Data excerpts
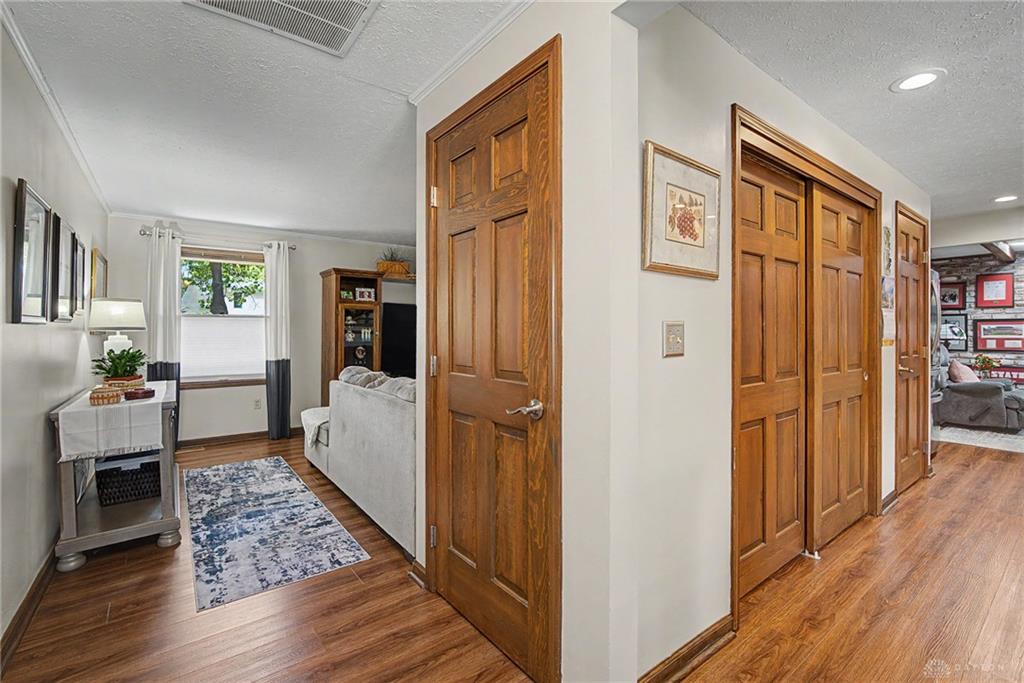 209 E Twin Property Photo 5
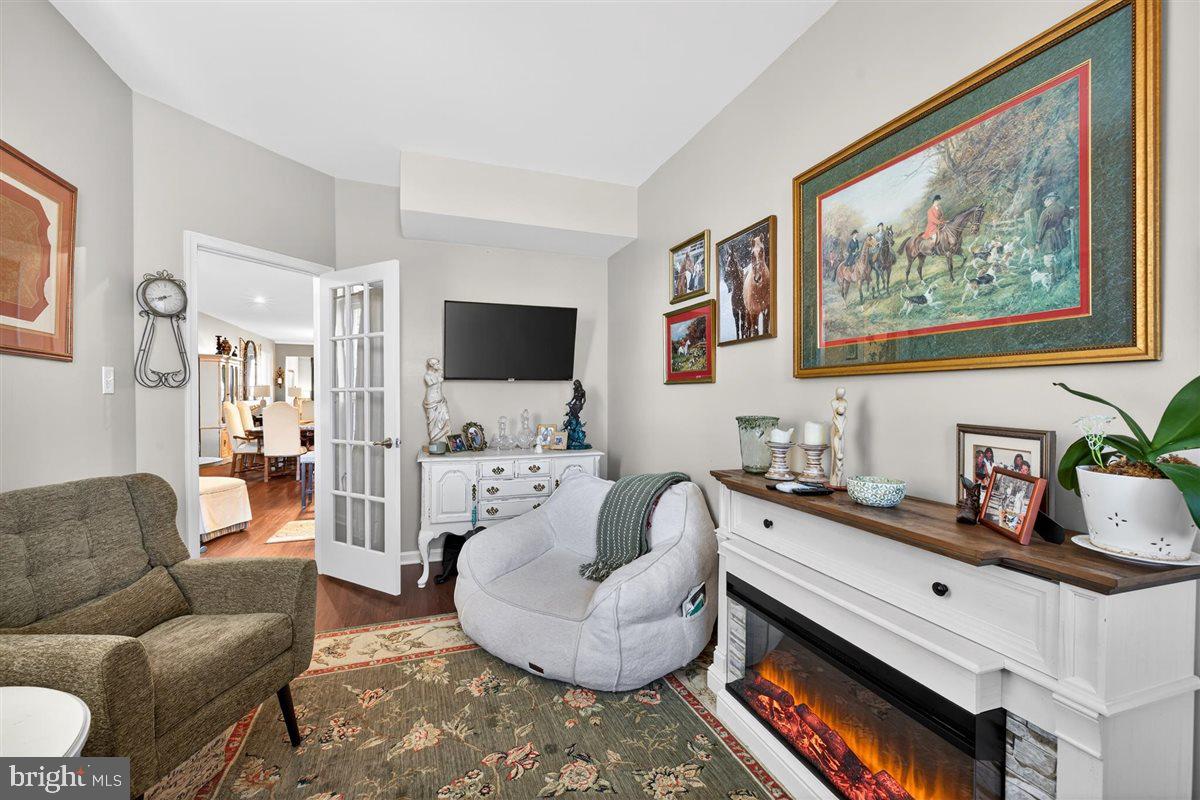 HOMESTEAD - Residential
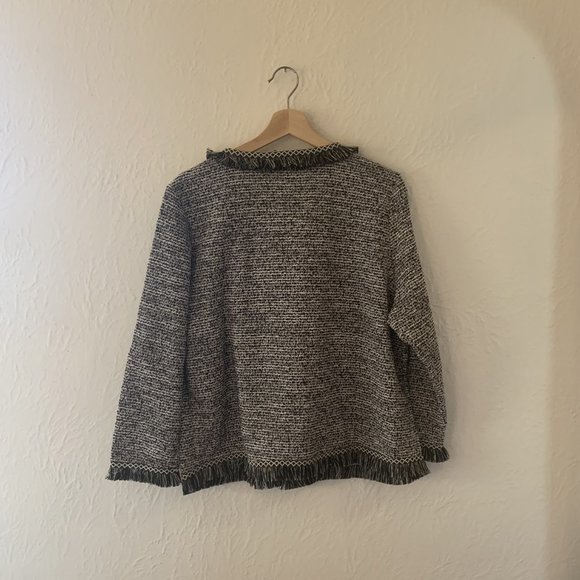 Brooke Shields Timeless Black and White Jacket - Picture 3 of 3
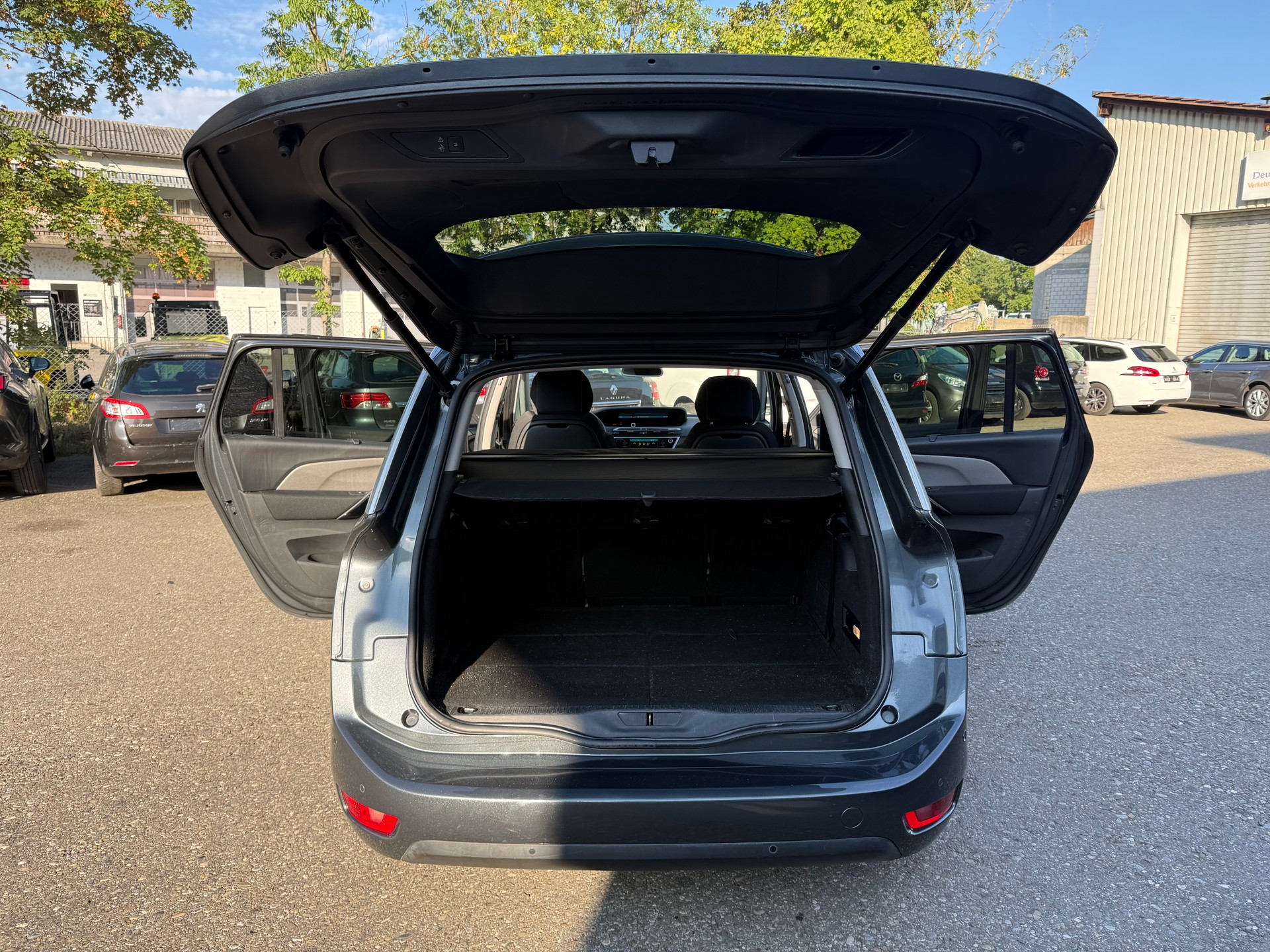 CITROEN Grand C4 Picasso 1.2 Pure Tech Feel Edition-image-13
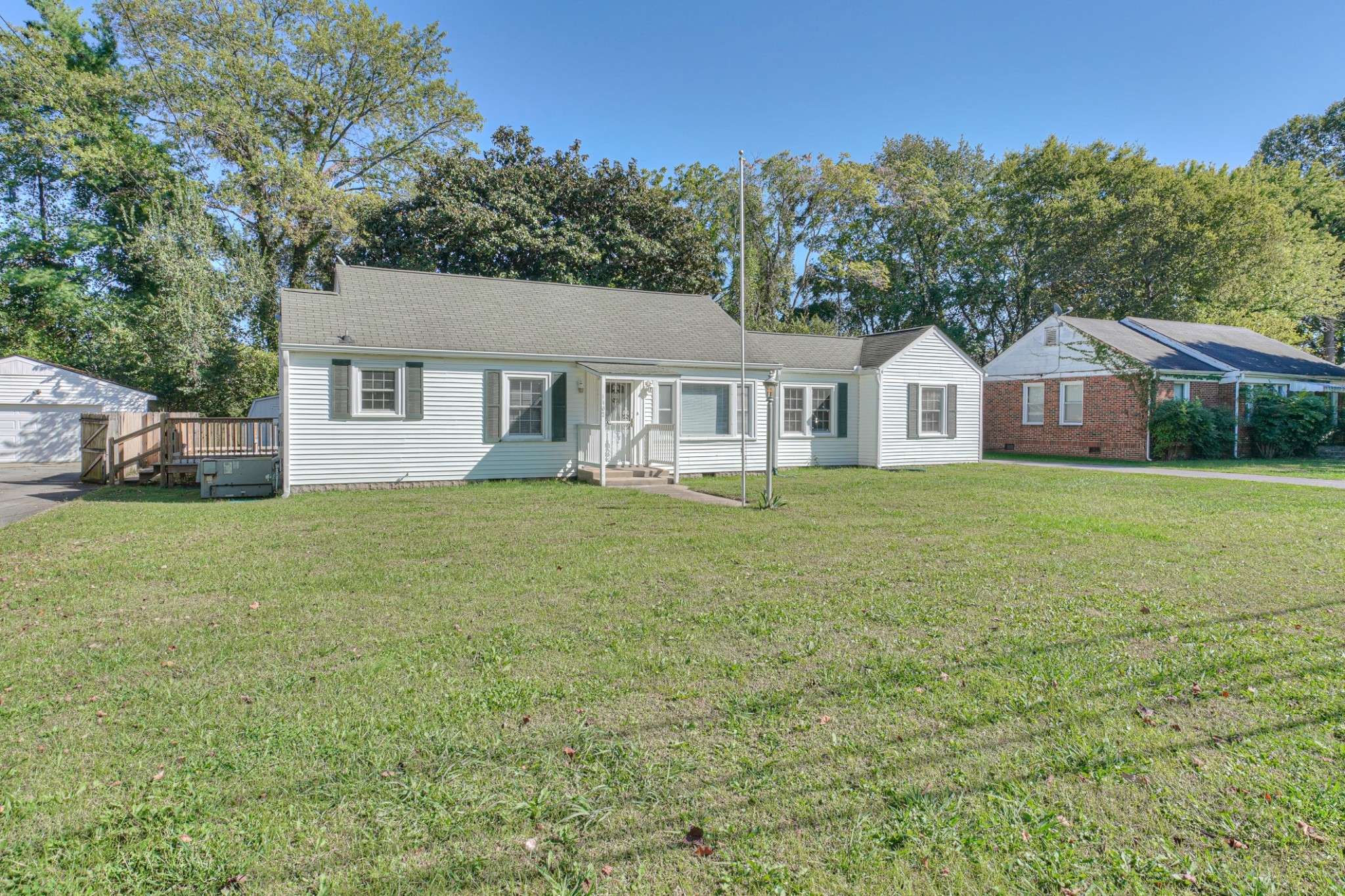 1402 N Tennessee Blvd, Murfreesboro, TN 37130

→ DIRECTIONS:
Extract, word for word, every line from the one containing "Brooke Shields Timeless" to the end of the data above, both ends included, and leave out the pictures.

→ PROBLEM SOLUTION:
 Brooke Shields Timeless Black and White Jacket - Picture 3 of 3
 CITROEN Grand C4 Picasso 1.2 Pure Tech Feel Edition-image-13
 1402 N Tennessee Blvd, Murfreesboro, TN 37130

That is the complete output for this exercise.